+++ Information provided

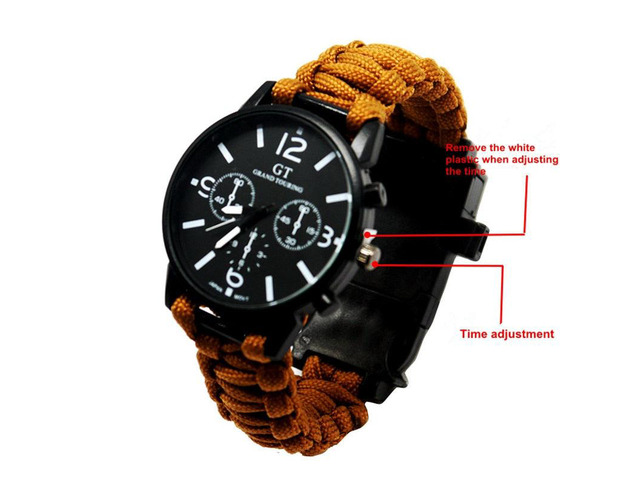 Vista Outdoor Multi function Camping Survival Watch Bracelet Tools With LED Light - Kahki
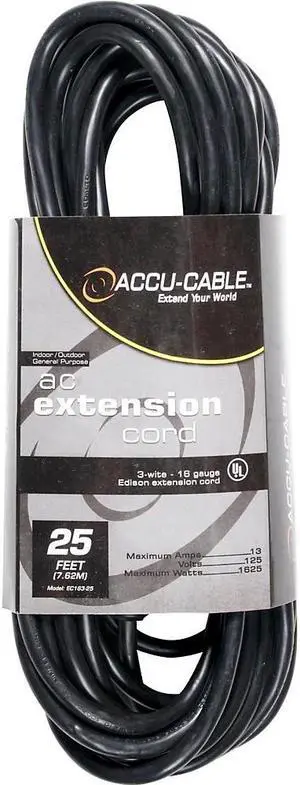 American DJ EC163 16 Gauge IEC Power Extension Cord 3 ft. 25 ft.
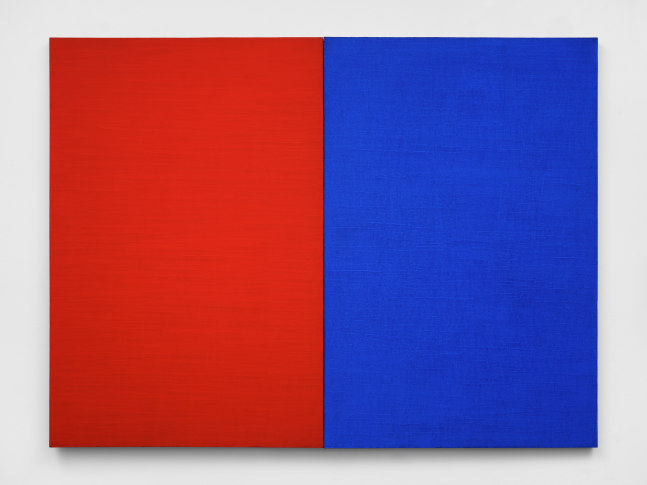 Abstract red and blue painting by Tadaaki Kuwayama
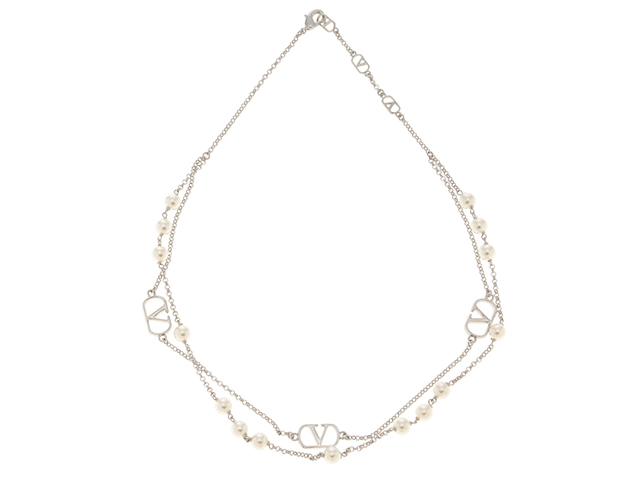 VALENTINO Vロゴシグネチャー スワロフスキー パール ネックレス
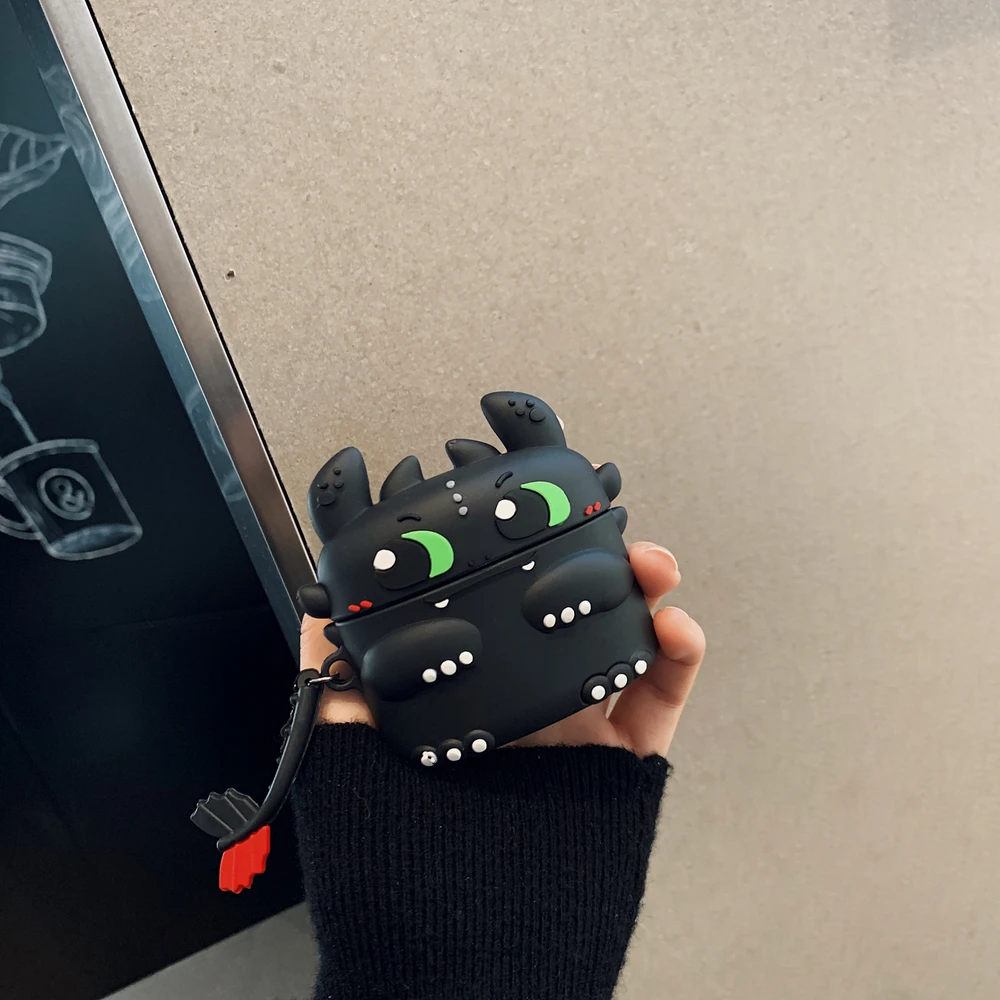 Чехол для наушников AirPods Pro с 3D стереоскопическим рисунком дракона ночной фурии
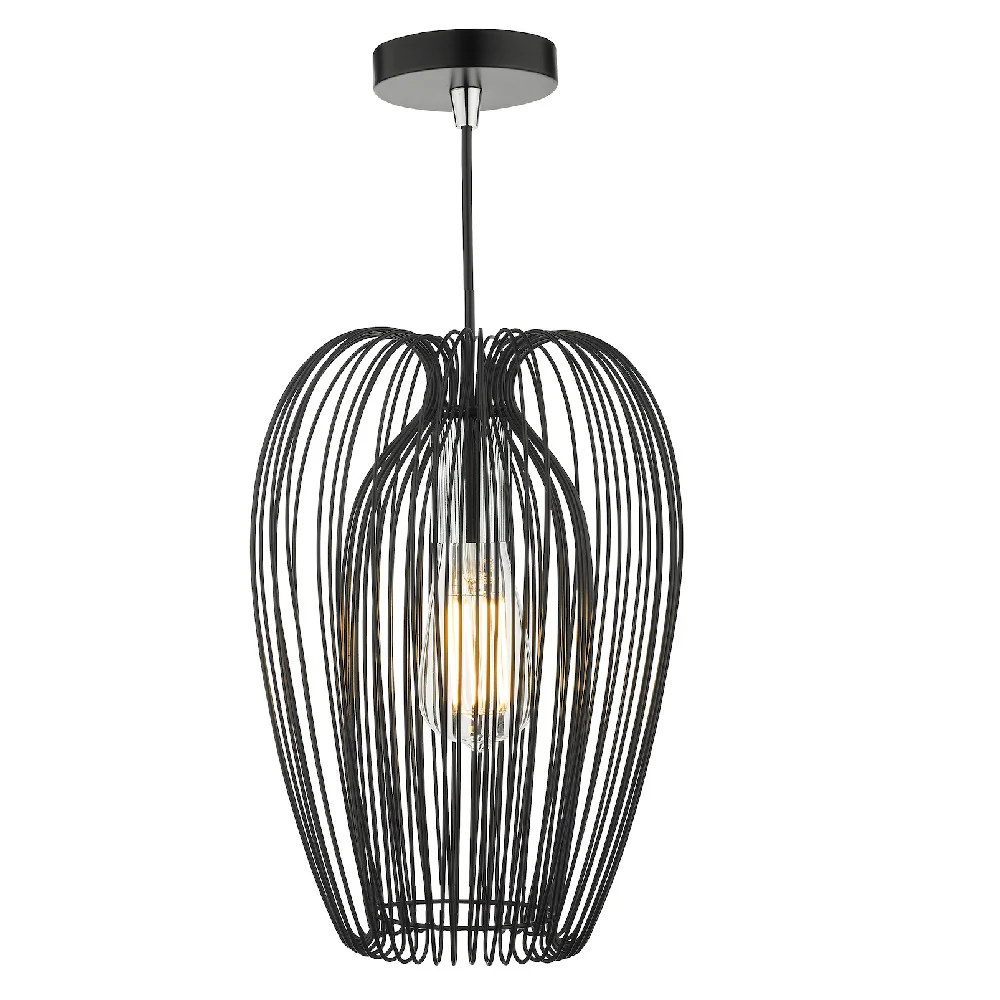Matt Black Wired Cage Vintage Pendant Ceiling Light 23cm - Image 2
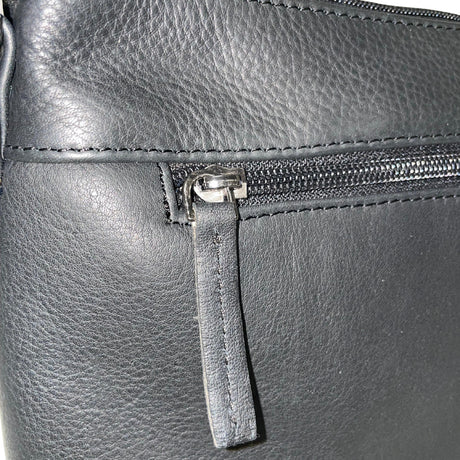 Gia Leather Fold Over Flap Bag Black view 5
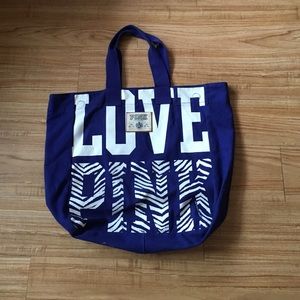 VS Pink indigo tote bag
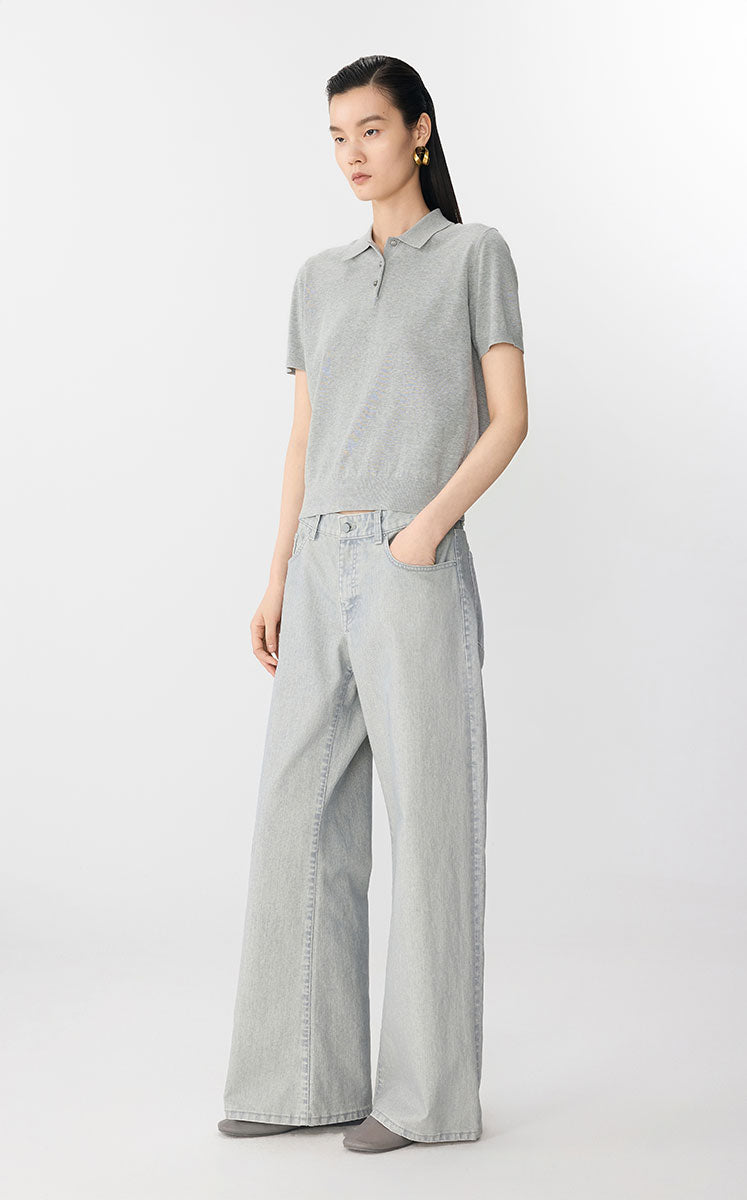 Sweater / JNBY Cotton Acetate Polo Knit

++++++

**Description of the task:** Please retype only the lines from the line that holds "American DJ EC163" through the end of the records, exactly as they stand, and drop every picture.

**Response to this task:**
 American DJ EC163 16 Gauge IEC Power Extension Cord 3 ft. 25 ft.
 Abstract red and blue painting by Tadaaki Kuwayama
 VALENTINO Vロゴシグネチャー スワロフスキー パール ネックレス
 Чехол для наушников AirPods Pro с 3D стереоскопическим рисунком дракона ночной фурии
Matt Black Wired Cage Vintage Pendant Ceiling Light 23cm - Image 2
 Gia Leather Fold Over Flap Bag Black view 5
 VS Pink indigo tote bag
 Sweater / JNBY Cotton Acetate Polo Knit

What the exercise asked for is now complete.